The number one upper management function is planning – setting the organization’s vision, goals and objectives. Planning is often described as an executive’s most valuable tool. Let’s break it down. It is a continuous process that often follows a pattern, answering several fundamental questions: (1) What is the situation now? This includes a SWOT analysis of the organization’s strengths, weaknesses, opportunities and the threats it faces. Often opportunities and threats are external and can’t be anticipated, while weaknesses and strengths are typically internal and can be measured and fixed. (2) How can we get to our goal from here? The answer to this question is typically the most important part of planning, and can take one of four forms: strategic, tactical, operational or contingency.

A vision is a broad explanation of why the organization exists and where it’s trying to go. It gives the organization a sense of purpose and a set of values that unite employees in a common objective. Top management typically sets the organization’s vision, and often works with others to create a mission statement. A mission statement outlines the organization’s fundamental purpose, and includes its self concept, philosphy, long-term survival needs, customer needs, social responsibility and nature of the product/services. The mission statement becomes the foundation for setting specific goals and objectives.

Goals are the broad, long-term accomplishments an organization seeks to attain. Setting goals is often a team process, aimed at buy-in from both employees and management. And objectives are specific, short-term statements detailing how to achieve the organization’s goals.

Strategic planning is done by top management and determines the organization’s major goals, along with the policies, procedures, strategies and resources it will need to achieve them. Policies are broad guidelines for action, while strategies determine the best way to use the resources. In strategic planning, top management decides which customers to serve, when to do so, what products or services to sell, and the geographic areas in which to compete, but it is important for them to engage those with potentially the best strategic insights, their employees. In today’s rapidly changing environment, strategic planning is becoming more difficult because changes are occuring so fast that plans quickly become obsolete. The idea is to be flexible and responsive to the market, allowing for quick responses to customer needs and requests.

Tactical planning develops detailed, short-term statements about what is to be done, who is to do it, and how it is to be done, and is typically a function of lower level managers. Operational planning is the setting of work standards and schedules needed to implement the company’s tactical objectives. It focuses on specific supervisors, managers and employees, and is the manager’s tool for daily and weekly operations. Contingency planning prepares alternative courses of action the company can use if its primary plans don’t work. In our ever-changing environment it is good practice to have alternative plans of action ready. Crisis planning is part of contingency planning and anticipates sudden changes in the environment. Rather than creating detailed strategic plans, the leaders of companies that respond quickly to changes in competition or other environmental changes often simply set a direction. They want to stay flexible, listen to their customers, and seize opportunities, expected or not.
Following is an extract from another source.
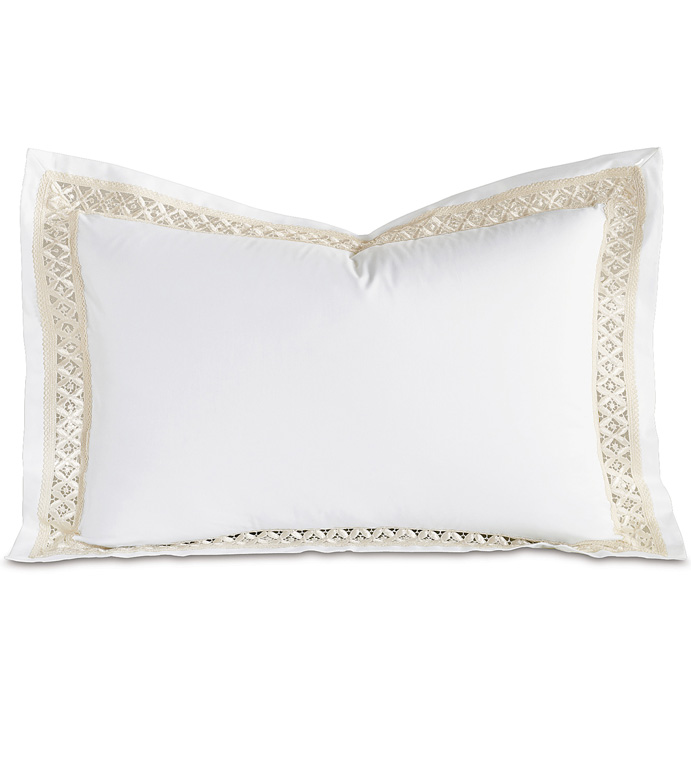 ά 20X31 JULIET WHITE/IVORY QUEEN SHAM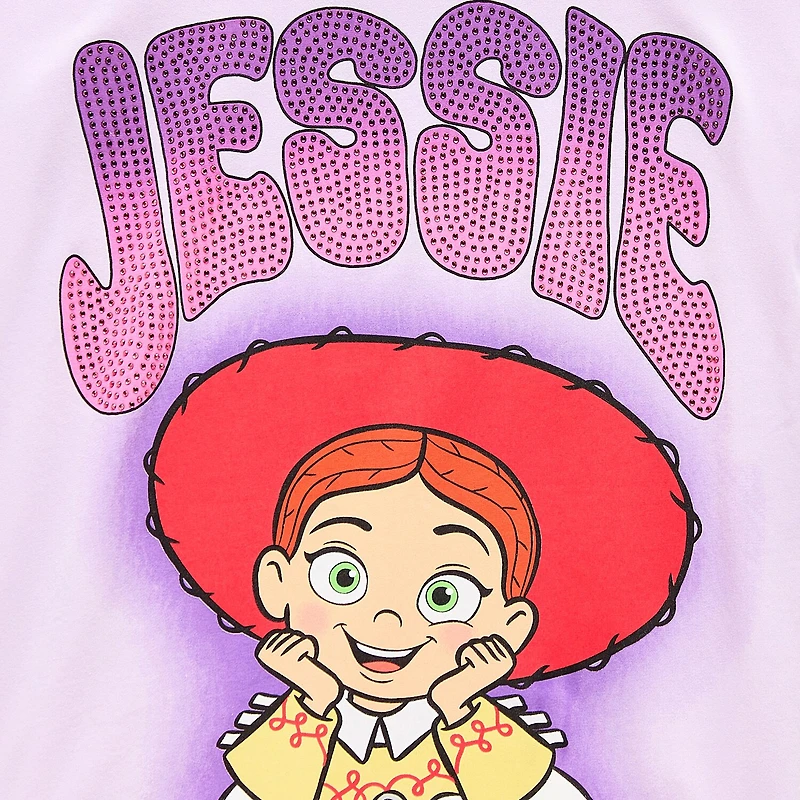 Disney Collection Little & Big Kid Girls Crew Neck Short Sleeve Regular Fit Jessie Toy Story Graphic T-Shirt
Decision making means choosing among two or more alternatives, and is at the heart of all management functions. The rational decision making model is often followed to make intelligent, logical and well-founded decisions. Its six steps are as follows:

  • Define the situation
  • Describe and collect needed information
  • Develop alternatives
  • Decide which alternative is best
  • Do what is indicated (begin implementation)
  • Determine whether the decision was a good one, and follow up

Sometimes, however, managers have to make decisions on the spot and can’t go through this six step process. Problem solving is less forman than decision making and usually calls for quicker action to resolve everyday issues. Problem solving techniques include brainstorming, coming up with as many solutions as possible in a short period of time with no censoring of ideas, and PMI, listing all of the pluses for a solution in one column, all the minuses in another, and the implications in a third, with the goal to make sure the pluses exceed the minuses. Both decision making and problem solving require managers to use their best judgment.